== PROBLEM DETAILS ==
Pictures are to be left out, and only the lines below starting at the one with "Honda Pilot 2012 Silver" and ending at the one with "Changan Qiyuan E07 — Фото автомобиля 9" are to be reproduced, each exactly, both ends included.
··· PROVIDED INFORMATION ···
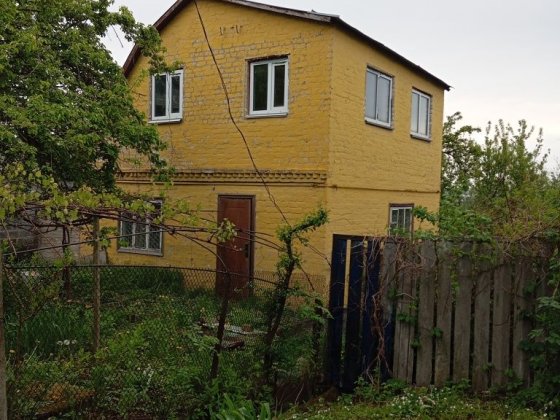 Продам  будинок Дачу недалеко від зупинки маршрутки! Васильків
···
··· PROVIDED INFORMATION ···
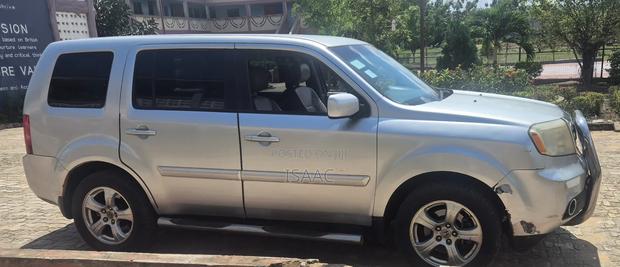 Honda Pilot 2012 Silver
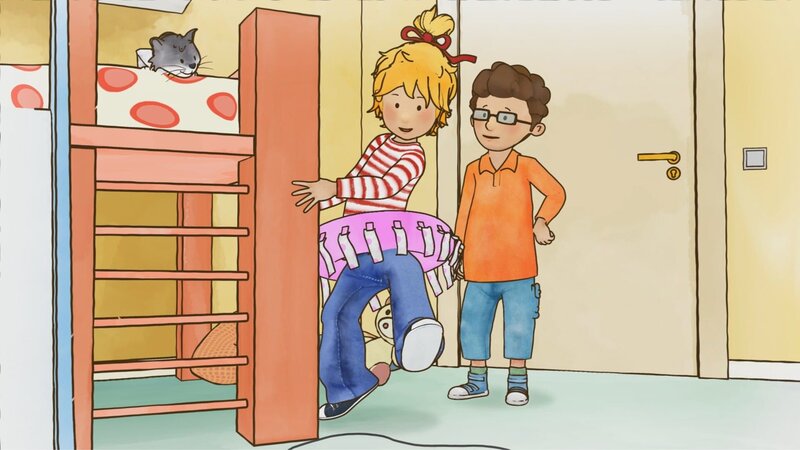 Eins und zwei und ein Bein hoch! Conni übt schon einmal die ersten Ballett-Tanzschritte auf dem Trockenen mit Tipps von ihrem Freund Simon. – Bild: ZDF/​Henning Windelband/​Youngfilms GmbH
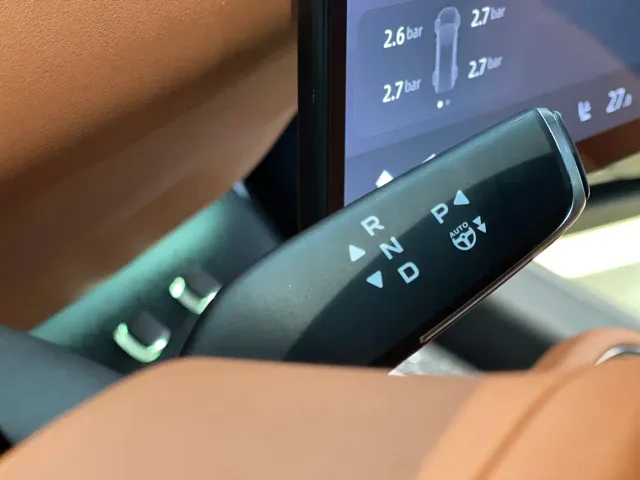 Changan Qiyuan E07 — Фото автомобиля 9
···
··· PROVIDED INFORMATION ···
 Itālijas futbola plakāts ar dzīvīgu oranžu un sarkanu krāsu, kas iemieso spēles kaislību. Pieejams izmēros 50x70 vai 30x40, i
···
== SOLUTION TO THIS TASK ==
 Honda Pilot 2012 Silver
 Eins und zwei und ein Bein hoch! Conni übt schon einmal die ersten Ballett-Tanzschritte auf dem Trockenen mit Tipps von ihrem Freund Simon. – Bild: ZDF/​Henning Windelband/​Youngfilms GmbH
 Changan Qiyuan E07 — Фото автомобиля 9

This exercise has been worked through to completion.